Labour is unlikely to win in 2020 in any case, but if Corbyn was leader, its loss would be "so catastrophic" that the left of the party might "be silenced for good", says Toby Young in The Daily Telegraph. To ensure that happens, Tories could do their bit by paying £3 to become a "registered supporter" of Labour and then vote for him. "Having digested all the postmortems of Ed Miliband's failure, it seems clear that the biggest reason for Labour's defeat is because Miliband believed in a bad theory ie, some version of Marxism. And when I say bad' I mean just flat out wrong."
Quite, says Matthew Parris in The Times. And for as long as "the impression endures that the Labour Party is secretly but in its deepest marrow hostile to the whole idea of market economics", it is doomed. If it could admit that it was wrong about socialism and be believed it could then convincingly "lead the charge to make the market work". Socialism, however you define it, has been "definitively discredited" over the past century.
Yet it retains the moral advantage because of our squeamishness about embracing the profit motive. Tories won't stand up for capitalist principle; they also get too close to the "monopolistic, cartel-hugging, anti-competitive elements" of free markets. "Abuses are rife, widely suspected and conveniently overlooked. Here is a real vacuum that an opposition party could fill."

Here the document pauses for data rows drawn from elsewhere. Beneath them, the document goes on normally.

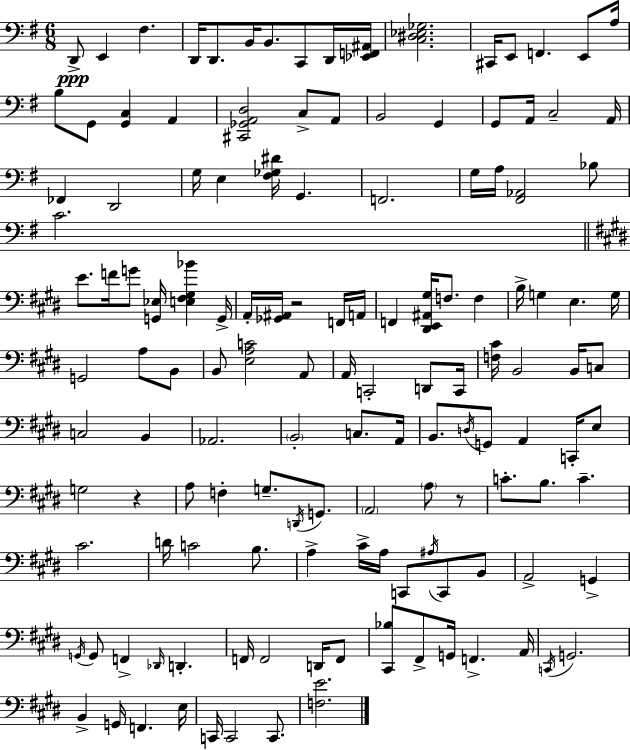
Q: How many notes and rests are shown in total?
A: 136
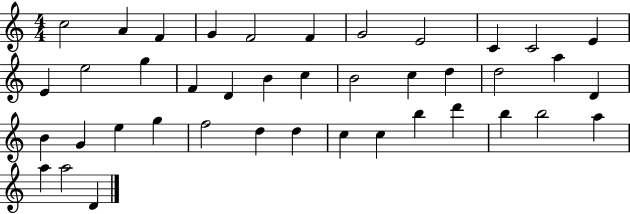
C5/h A4/q F4/q G4/q F4/h F4/q G4/h E4/h C4/q C4/h E4/q E4/q E5/h G5/q F4/q D4/q B4/q C5/q B4/h C5/q D5/q D5/h A5/q D4/q B4/q G4/q E5/q G5/q F5/h D5/q D5/q C5/q C5/q B5/q D6/q B5/q B5/h A5/q A5/q A5/h D4/q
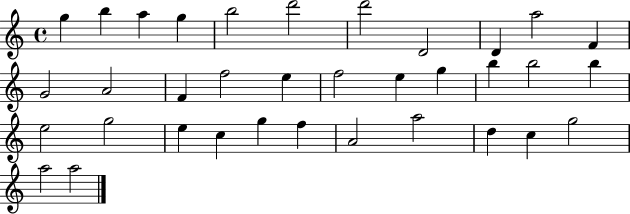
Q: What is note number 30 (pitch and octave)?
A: A5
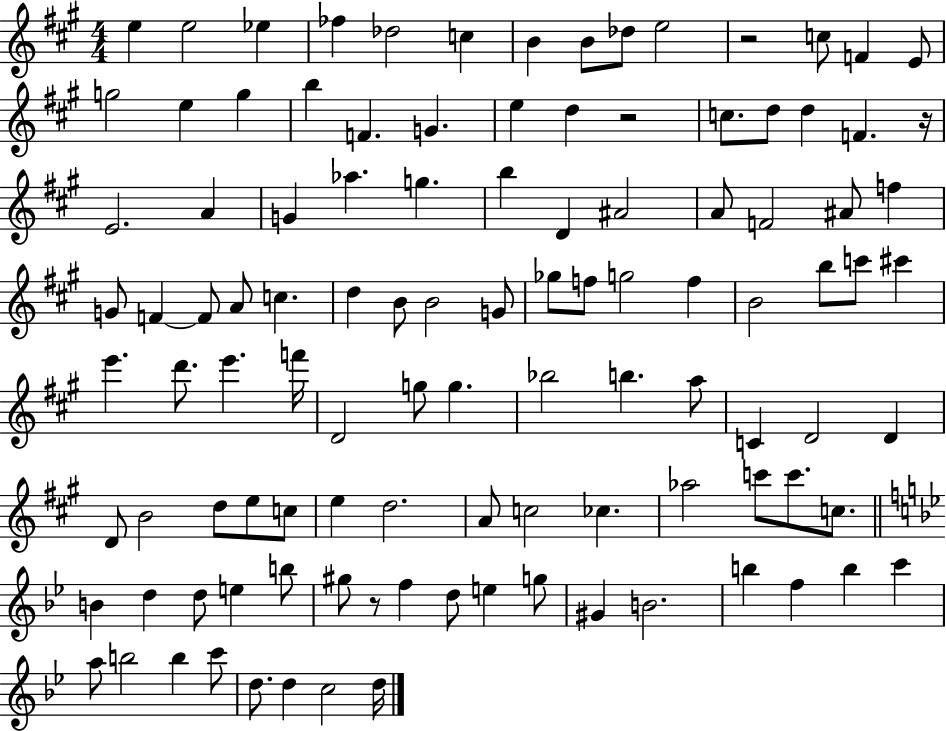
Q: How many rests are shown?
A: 4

Emily has extensive experience in the world of journalism. She has worked on MoneyWeek for more than 20 years as a former assistant editor and writer. Emily has previously worked on titles including The Times as a Deputy Features Editor, Commissioning Editor at The Independent Sunday Review, The Daily Telegraph, and she spent three years at women's lifestyle magazine Marie Claire as a features writer for three years, early on in her career.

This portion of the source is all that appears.